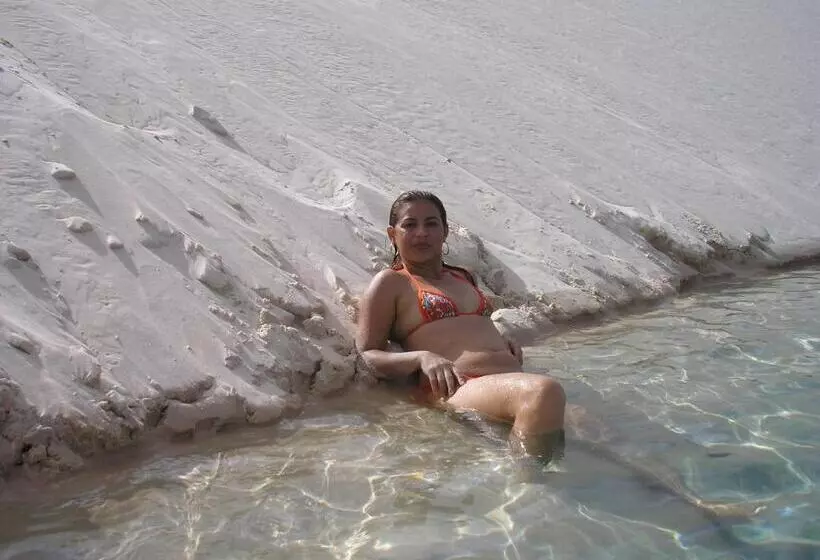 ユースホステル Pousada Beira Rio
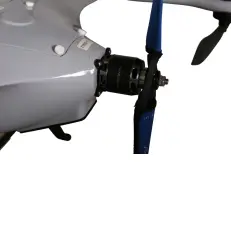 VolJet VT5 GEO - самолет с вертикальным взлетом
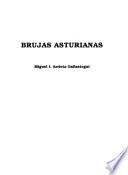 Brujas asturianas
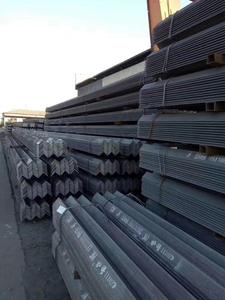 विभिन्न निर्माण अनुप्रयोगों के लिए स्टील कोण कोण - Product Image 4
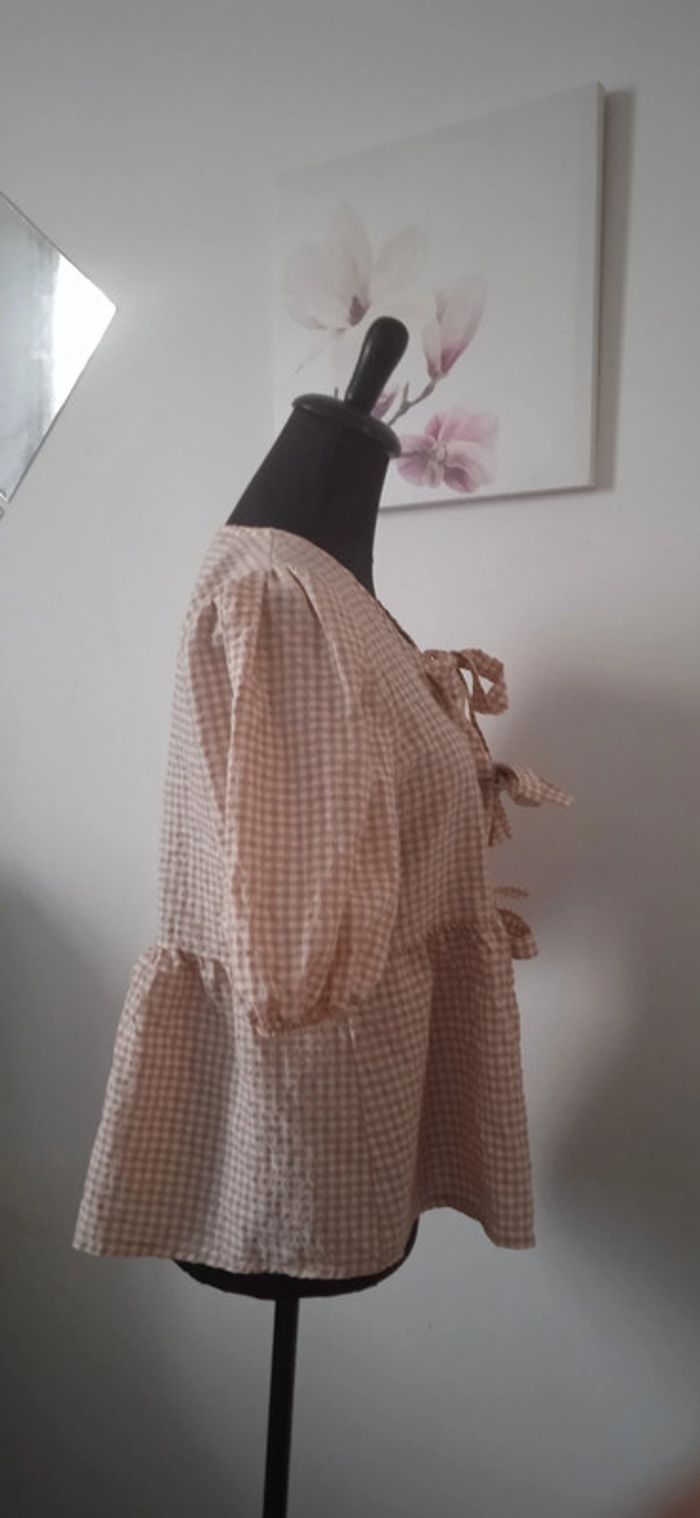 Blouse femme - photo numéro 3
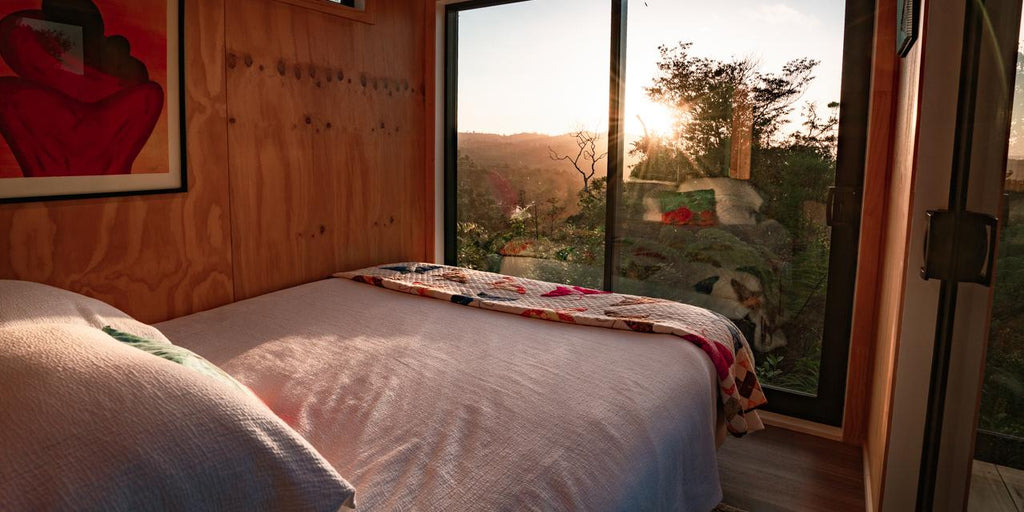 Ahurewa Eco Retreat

____________

Leave out the pictures and print every line of the data exactly.

 ユースホステル Pousada Beira Rio
 VolJet VT5 GEO - самолет с вертикальным взлетом
 Brujas asturianas
 विभिन्न निर्माण अनुप्रयोगों के लिए स्टील कोण कोण - Product Image 4
 Blouse femme - photo numéro 3
 Ahurewa Eco Retreat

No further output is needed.